L'incompatibilité avec d'autres mandats électifs : un exemple fictif

Un candidat aux élections européennes de 2019 est élu en tant que député européen supplémentaire . Il entrera en fonction à compter du retrait du Royaume-Uni de l'Union européenne.

La commission nationale de recensement des votes proclame les résultats des élections européennes le 30 mai 2019.

Le retrait du Royaume-Uni étant de nouveau reporté, ce candidat se présente aux élections municipales de mars 2020 et est élu maire .

Le Royaume-Uni quitte finalement l'Union européenne au 1 er janvier 2021 . Le candidat est appelé à siéger au Parlement européen et doit donc démissionner de son mandat de maire , acquis antérieurement.

En l'état du droit 45 ( * ) , ce candidat devra mettre fin à l'incompatibilité dans un délai de trente jours à compter de la proclamation des résultats des élections européennes, soit jusqu'au 29 mai 2019. Cette disposition serait toutefois inapplicable , le candidat ayant acquis son mandat de maire postérieurement, en mars 2020.

L'Assemblée nationale a donc souhaité préciser les modalités d'application de cette incompatibilité aux cinq députés européens supplémentaires .
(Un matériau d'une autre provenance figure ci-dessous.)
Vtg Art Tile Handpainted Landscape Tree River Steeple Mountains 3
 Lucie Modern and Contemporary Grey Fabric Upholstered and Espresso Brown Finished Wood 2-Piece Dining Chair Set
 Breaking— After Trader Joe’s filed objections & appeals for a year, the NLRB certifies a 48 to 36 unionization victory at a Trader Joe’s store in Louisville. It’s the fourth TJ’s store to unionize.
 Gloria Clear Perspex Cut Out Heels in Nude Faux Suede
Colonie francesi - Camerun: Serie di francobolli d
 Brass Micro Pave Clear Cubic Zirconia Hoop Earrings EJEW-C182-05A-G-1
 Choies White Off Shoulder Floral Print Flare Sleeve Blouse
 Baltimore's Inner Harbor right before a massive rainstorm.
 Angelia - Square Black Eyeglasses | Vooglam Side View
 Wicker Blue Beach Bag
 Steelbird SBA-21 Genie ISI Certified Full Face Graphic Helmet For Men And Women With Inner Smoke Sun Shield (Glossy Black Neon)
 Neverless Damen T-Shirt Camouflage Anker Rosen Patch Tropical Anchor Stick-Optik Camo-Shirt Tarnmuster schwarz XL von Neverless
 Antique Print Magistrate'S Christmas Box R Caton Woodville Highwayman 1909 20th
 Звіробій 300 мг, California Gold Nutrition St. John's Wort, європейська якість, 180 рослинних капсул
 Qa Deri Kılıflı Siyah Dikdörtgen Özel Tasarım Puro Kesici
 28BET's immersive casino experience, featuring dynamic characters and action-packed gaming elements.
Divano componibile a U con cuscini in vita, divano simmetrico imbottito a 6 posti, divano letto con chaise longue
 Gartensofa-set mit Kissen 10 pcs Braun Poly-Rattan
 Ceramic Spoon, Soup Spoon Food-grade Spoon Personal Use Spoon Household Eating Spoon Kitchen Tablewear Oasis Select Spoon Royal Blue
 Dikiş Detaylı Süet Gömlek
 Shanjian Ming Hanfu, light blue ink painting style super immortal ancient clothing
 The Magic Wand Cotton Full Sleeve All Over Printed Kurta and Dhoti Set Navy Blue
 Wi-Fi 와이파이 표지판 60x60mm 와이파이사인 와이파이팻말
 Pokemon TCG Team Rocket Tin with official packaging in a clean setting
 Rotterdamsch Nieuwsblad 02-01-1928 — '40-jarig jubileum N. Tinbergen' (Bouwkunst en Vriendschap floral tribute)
En concertation avec votre rapporteur, l'amendement de Mme Coralie Dubost, rapporteur de la commission des lois de l'Assemblée nationale, s'inspire de l'article 24 de la loi n° 77-729 du 7 juillet 1977 précitée, applicable aux suivants de liste appelés à pourvoir un siège vacant.

S'ils se trouvent dans une situation d'incompatibilité entre plusieurs mandats électifs, les députés européens supplémentaires disposeraient de trente jours à compter de leur entrée en fonction au Parlement européen pour y mettre fin 46 ( * ) .


* 37 Étude d'impact du projet de loi, p. 8.

* 38 Décision 2018/937 fixant la composition du Parlement européen.

* 39 Loi habilitant le Gouvernement à prendre par ordonnances les mesures de préparation au retrait du Royaume-Uni de l'Union européenne.

* 40 Décès d'un député européen en fonction, démission, inéligibilité à la suite d'une condamnation pénale, etc .

* 41 Avis n° 397648 du 18 avril 2019 sur le projet de loi.

* 42 Acte du Conseil de l'Union européenne portant élection des membres du Parlement européen au suffrage universel direct.

* 43 Loi n° 2014-126 du 14 février 2014 interdisant le cumul de fonctions exécutives locales avec le mandat de représentant au Parlement européen.

* 44 Article 6 de la loi n° 77-729 du 7 juillet 1977 précitée.

* 45 Article 6-3 de la loi n° 77-729 du 7 juillet 1977 précitée.

* 46 À défaut, le mandat acquis à la date la plus ancienne prendrait fin de plein droit.